Of Kochhar family drama, and other blockbusters
According to one estimate, the total amount of Gross Non-Performing Assets (NPAs) for public and private sector banks in India is around Rs 6 lakh crores. Public sector banks account for Rs 1.54 lakh crores of the missing money. The rest owes to all the fine work by private banks. These are astronomical sums; like the distance between the galaxies. We can only think of it as vast, but unreal. We are out of these figures, though it is our money. We are in another orbit.
Ms Chanda Kochhar heads the largest private bank in India — ICICI Bank. There have been allegations against her in connection with the bank’s dealings with Venugopal Dhoot’s Videocon group, a company never quite famous for its transparency and ethics.
ICICI Bank had lent, as part of a 20-bank consortium, loans amounting to Rs 40,000 crores — of which Rs 3,250 crores went to Videocon. Never ask on what basis this amount went into Mr Dhoot’s pockets. Never ask if Video is a Con. You are not likely to get a satisfactory answer, just as you will not get a satisfactory answer if you ask the same questions of Nirav Modi or JP (Jaypee? This is one group that no one is clear what its registered name could be at any given moment) Associates.
Ms Kochhar is in trouble not just because of the loan that her bank is highly unlikely to get back.

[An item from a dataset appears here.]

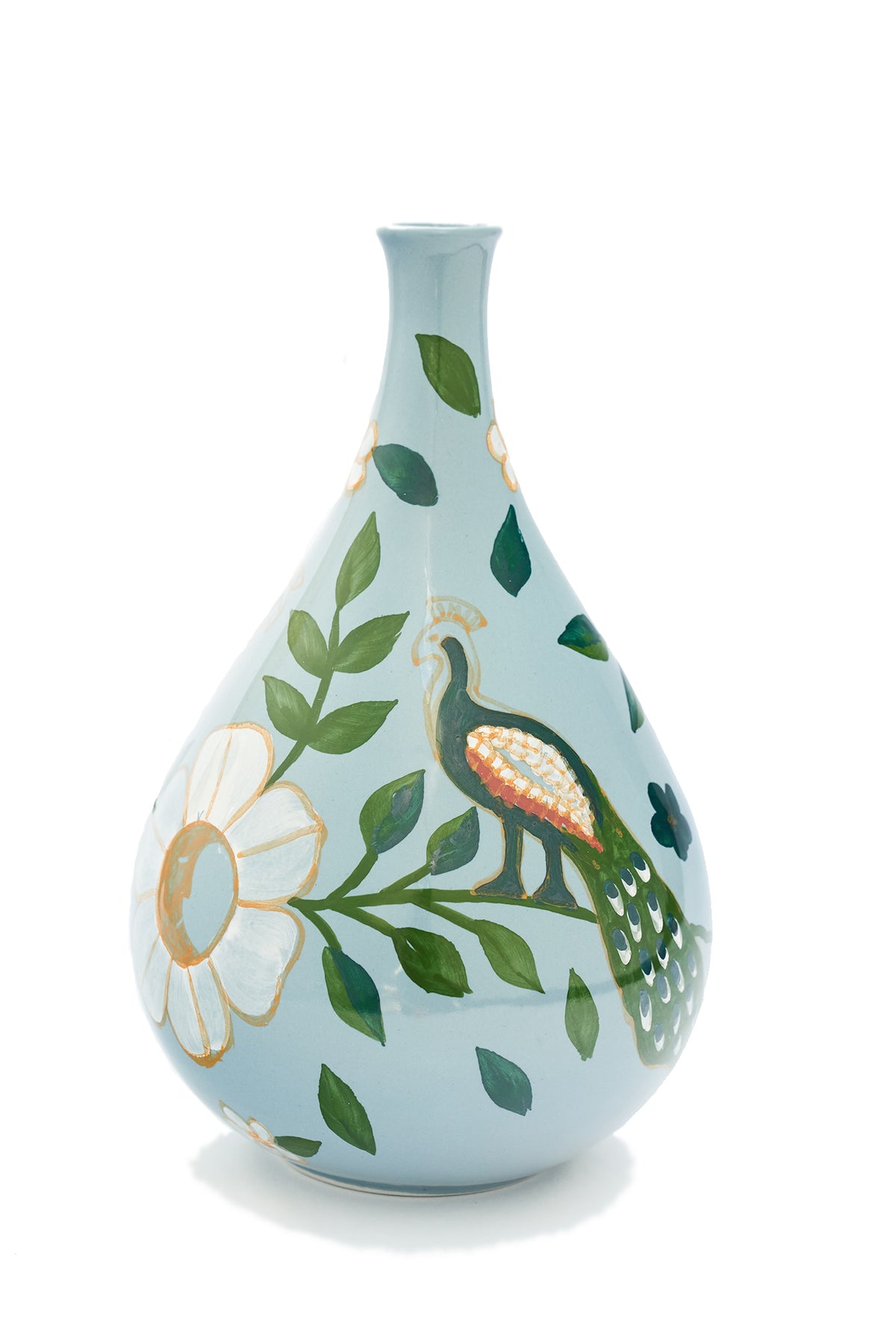 Handpainted Peacock Vase - Carolina K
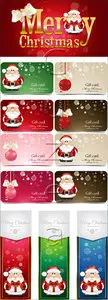 Vector - Merry cristmass banners santa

Her real problem is how to defend her husband, Deepak Kochhar, who in 2010 allegedly received Rs 64 crores that a generous and grateful Mr Dhoot gave through a fully owned entity to NuPower Renewables Pvt Ltd (NRPL), the company that he had set up with Deepak Kochhar and two of his relatives.
Mr Dhoot had helpfully transferred proprietorship of the company to a trust owned by Mr Kochhar for Rs 9 lakhs, six months after he received the loan of Rs 3,250 crores from ICICI Bank.
A few years ago Ms Kochhar, in keeping with the trend then of maternal celebrities (a point highly appreciated, too, then, by the suffering women brigade) writing to their daughters letters of seemingly pained self-appraisal and cloying sense of self-worth, addressed this letter to her daughter: “My career would not have progressed the way it did were it not for your father, who never once complained about the time I spent away from home. Your father and I nurtured our relationship despite the fact that we were both busy with our own careers, and I am confident you will do the same with your partner, when the time comes. If you had complained and whined about my extended absence from home, I would never have had the heart to make a career for myself. I am blessed with a great and supportive family and I really hope you too will be as fortunate when you set out on your own!”
In the passage above, Ms Kochhar specifically mentions that her husband never complains about her absence. Why would he? Money liberates. Absolute money liberates absolutely. Shall we put the tag for great domestic accord as around Rs 64 crores — the money that found its way into the Kochhar family kitty?
The ICICI board of directors have sworn their faith in Ms Kochhar. Of course.
Ms Kochhar has turned ICICI into the largest private bank in India in a short time. Everybody should be equally happy. Except that Ms Kochhar’s family is a little more happy than the others. It is in that small quotient of difference though that we are likely to find the reason why the rich in India are growing richer at the expense of the poor.
Right now, the CBI is inquiring into the Kochhar transactions. That is good, but not good enough. The consortium of banks that lent Mr Dhoot money was led by the State Bank of India, a public sector bank. Last year, when, for instance, the JP group (a company that has been helped unstintingly by both public sector and private banks, and no questions asked) scam relating to its Noida housing projects came to light, the first thing that one of the SBI chiefs said was that if push came to shove, the flat buyers should bear the brunt and that the banks that had lent money to JP should be the first to recover their investments; the investments that had not been graced with due diligence.
It is clear who the fall guy in all this is. It’s you. But you knew it all along. Except that huge financial crimes somehow rank way below, say, dalit atrocities.
It’s not clear to me why this is so. Why is race or tribe a greater social evil than nepotism and corruption? Indeed, it’s not clear to me why Ms Kochhar has not stepped down at least temporarily to facilitate the investigations. It is not clear to me why Nirav Modi can’t be traced. It’s not clear to me why Videocon needs Rs 40,000 crores and where it has gone. It is not clear to me why Jaypee’s Manoj Gaur is out at large.
But it’s clear to me why demonetisation and all other digital revolutions are bound to fail everywhere except in Prime Minister Narendra Modi’s mind. PayTm can’t really change a nation’s character. Ask Ms Kochhar. And all the others.